Grand County is a sportsperson’s paradise, so Holinka has also worked one-on-one with hunters. She completes mandatory checks for hunters’ kills, ages the animals, collects horn and antler measurements and more.

“The hunters come in and they’re so excited about a once-in-a-lifetime hunt they’ve just done … it’s fun to be a part of that,” Holinka said. “It’s very rewarding to get the biological information from those animals to continue their population in a healthy way.”

From the hunters’ checks, she’s handled a diverse number of species, including mountain lions, black bears, moose, bighorn sheep, mountain goats and bobcats.

“I’ve been fortunate to lay my hands on a lot of these animals (both living and dead) over years,” she said.

Holinka admits that dentistry is not her strong suit, but she has extracted teeth from game animals to age them accurately, then sent that information in to the state laboratory to monitor the population.

Parks and wildlife is also entrusted with keeping animals healthy, especially deer and elk populations.

“With chronic wasting disease, we have to take lymph nodes out of these animals and send it in for testing,” she said.

She added her career at Parks and Wildlife allowed her to assist the community in a different way than emergency services did. She helps landowners, hunters and residents co-exist with the nature around them.

“One thing is showing (people) compassion when they made mistakes, like accidentally shot a wrong animal,” Holinka said. “Some wanted to give up hunting forever. But it doesn’t make you a bad person, it just means you made a mistake. And if you’ve learned from it, that’s the take home.”

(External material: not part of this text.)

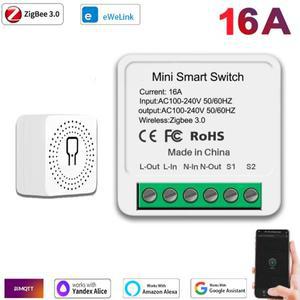16A eWelink Zigbee 3.0 미니 스마트 DIY 스위치 제어 홈 릴레이 자동화 차단기는 Alexa, Google Home, Yan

Holinka also cherishes the successful moments she’s shared with hunters.

 “I’ve met hunters from literally around the world. I’ve been able to help make their hunt enjoyable, and a memory they can take home with them. That’s been amazing,” she said.

Holinka once helped three generations of a family with their hunt. It was the grandfather’s last trip because he was terminally ill with cancer. The grandfather, father and grandson all came out to make the hunt the best one they could.

“This kind of stuff in my career has become very special to me … my ranchers, landowners, hunters and fishermen — those are the people who helped contribute to who I am,” Holinka said.

She has traveled to schools to teach students, from kindergarten to seniors, about wildlife.

“When I’m out in the community, kids see me (and say), “Hey, you’re the lady with all the furs that came to my school!’” Holinka said. “The outreach and connection I’ve had with the public has been widespread through the entire county.”

Holinka wants to give a shout-out to the people she’s worked with who have made her time with Parks and Wildlife a rewarding career, including volunteers, interns, office workers, district wildlife managers and biologists.

“Every single one of them has a special place in my heart,” Holinka said. “There’s relationships I’ve made through work where we are now friends.”

To celebrate the end of her chapter in public service and thank fellow community members, Holinka is holding a retirement party on Sunday, Aug. 28 at the Icebox in Fraser. Everyone in the community is invited to the party, which will be from 9 a.m. to noon. The Fraser River Valley Lions Club will offer a pancake breakfast, with the proceeds from the event benefitting the Lions Club.

“This community really helped mold who I am, and this job was a big part of that,” Holinka said, reflecting on her last week with the agency. “There’s so many people out there to thank for helping me.”